Released in March, a report on American high school students found that national reading levels remained low, with assigned book lists reflecting a level appropriate for 5th grade students.
Only 34 per cent of students were rated proficient in reading on the 2011 National Assessment of Educational Progress, an exam done every two year. The national 12th grade reading level was lower in 2009 than in 1992.
The lowest SAT critical reading scores were recorded last year.
DC PIERSON’S ONLINE RESPONSE
First off, I’m really excited that my book is being suggested for summer reading. On the other hand, I’m bummed out that you don’t want to try and finish it, and not even because you think it’s bad, but just because it seems like work instead of like fun.
I’m not going to sit here and act like I didn’t sometimes not read assigned books for class in high school.
Even though it’s referenced once in my book, the book you’re avoiding reading, I’ve never actually read “The Scarlet Letter”. So I’m sympathetic to your plight.

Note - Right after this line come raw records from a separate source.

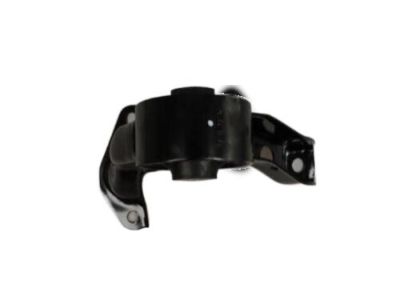 Mopar 68032586AF Engine Mount Rear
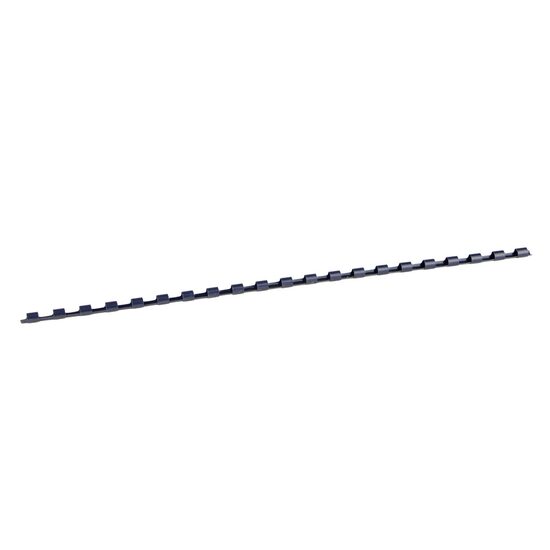 Spirală 4,5 mm din plastic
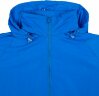 Куртка Kivach Air, синяя, 3XL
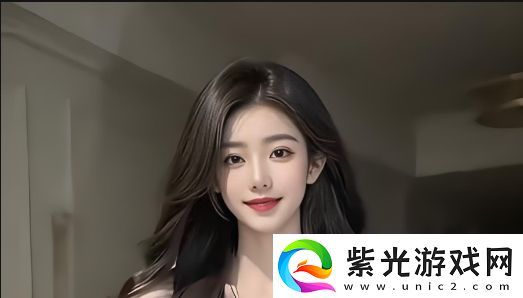国精产品秘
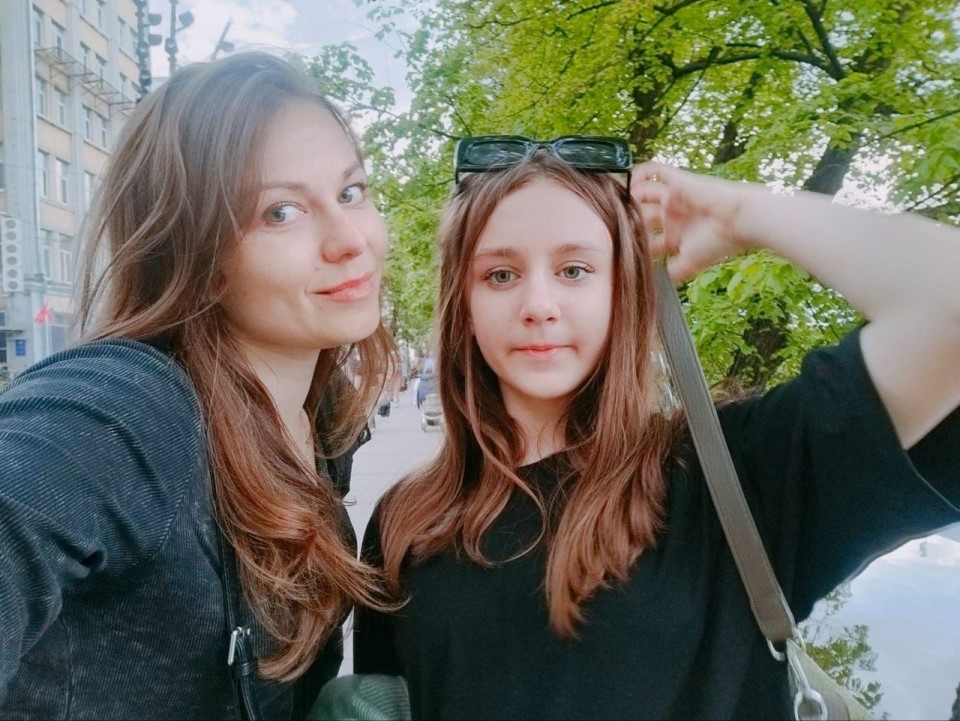 Фото: Министерство жилищной политики Московской области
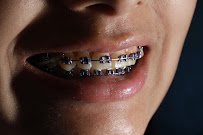 Tender Loving Dental Care. TLDC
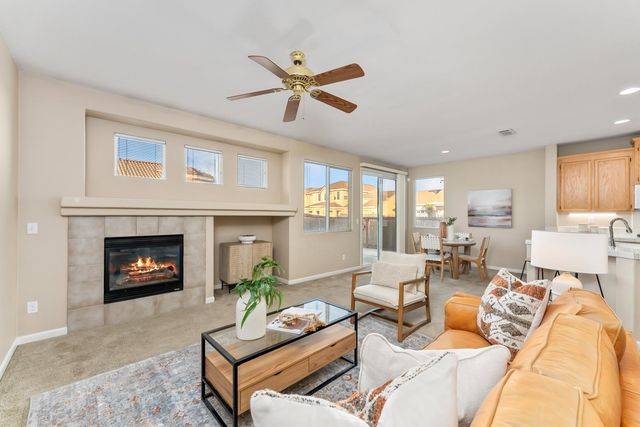 5013 Millner Way, Elk Grove, CA 95757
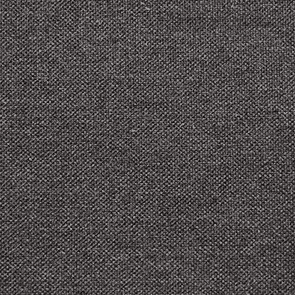 Sunbed double natural teak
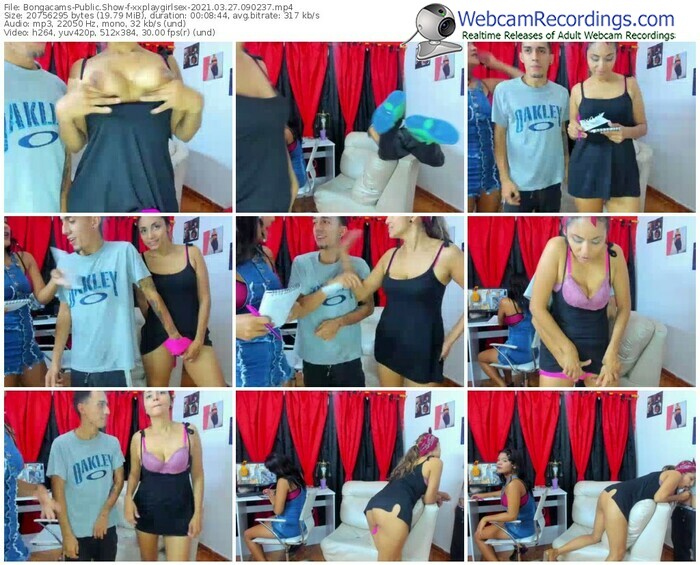 bongacams-xxplaygirlsex-webcam-show-03_27_2021-09_02_37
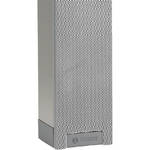 Bosch LBC 3200/00 Line Array Indoor Loudspeaker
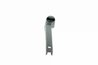 BRAT STERGATOR PARBRIZ VAICO V10-9950 - Compatibil cu SKODA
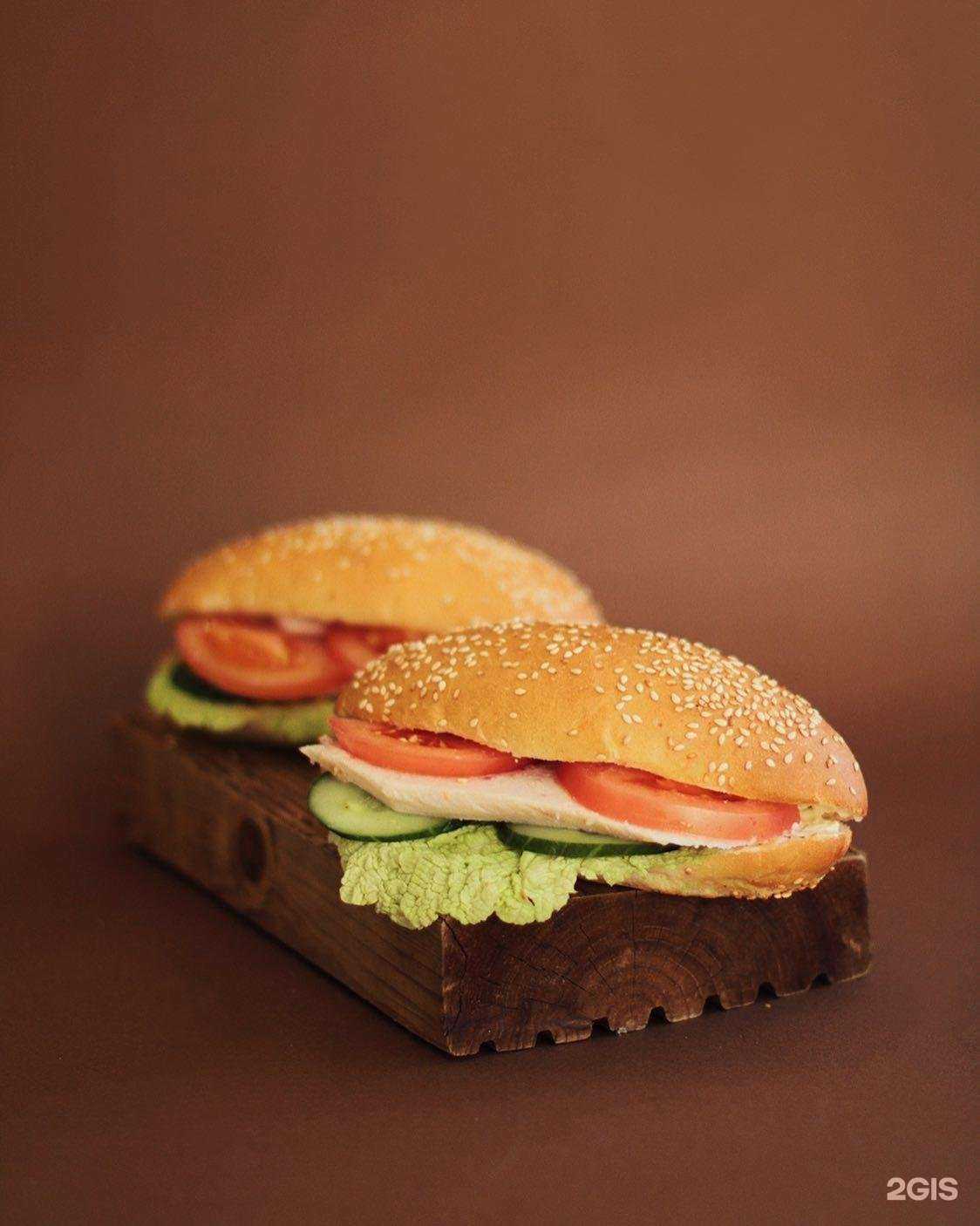 Отзывы на компанию Белочка в г. Самара c фото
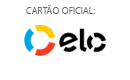 Elo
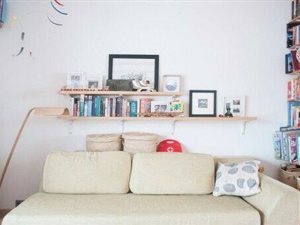 2 Bedroom House in Bo-Kaap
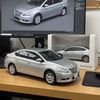 nismo_7533967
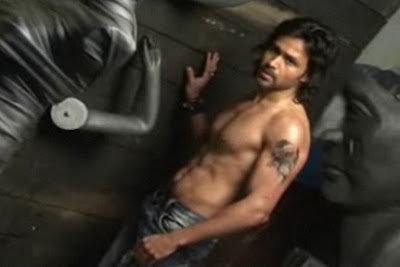 ="Murder Murder 2 Movie Photos Wallpapers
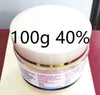 FACE WHITENING CREAM FADES SKIN TONE CLEARS BLEMISHES & AGE SPOTS - TheWellBeing4All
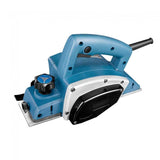 DONGCHENG PLANER, 3-1/4”� , 82mm, 500W, 16000r.p.m, Ship Lapping 1"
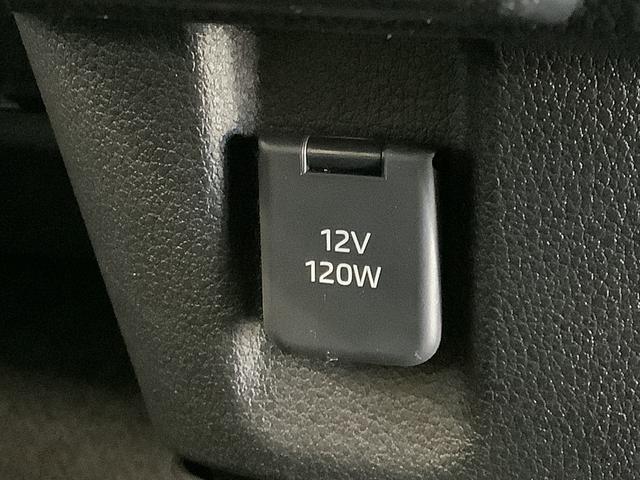 ムーヴキャンバス ストライプスＧターボ　ワンオーナー　クルーズコントロール　走行無制限１年保証　両側電動スライドドア　ワンオーナー　アダプティブクルーズコントロール　前後コーナーセンサー　前席シートヒーター　ホッとカップホルダー　オートマチックハイビーム　ＬＥＤヘッドライト（30枚目）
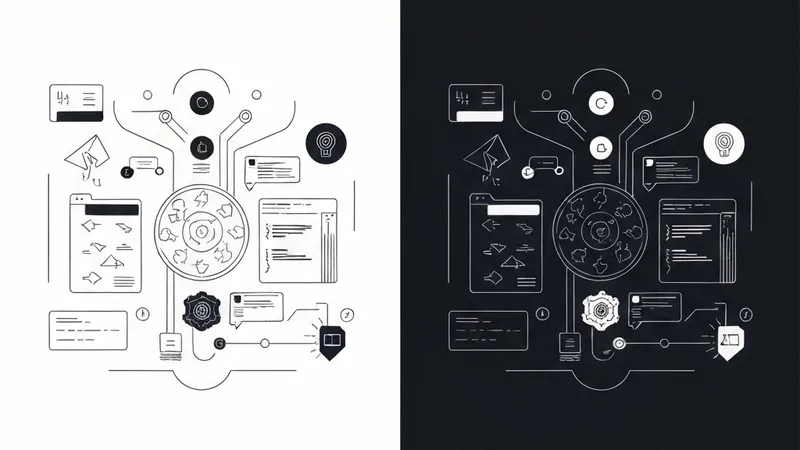 Supercharging System Development: The ChatGPT, Antigravity, and Codex Workflow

But I think you’ll find there’s a ton more sex, swearing, and drugs in my book than anything else you have been or will be assigned in high school, and I don’t mean in the way your teacher will tell you “You know, Shakespeare has more sex and violence than an R-rated movie!”
I mean it’s all there, in terms you will readily understand without having to Google them. Plus not once to I refer to anything as a “bare bodkin” or anything like that.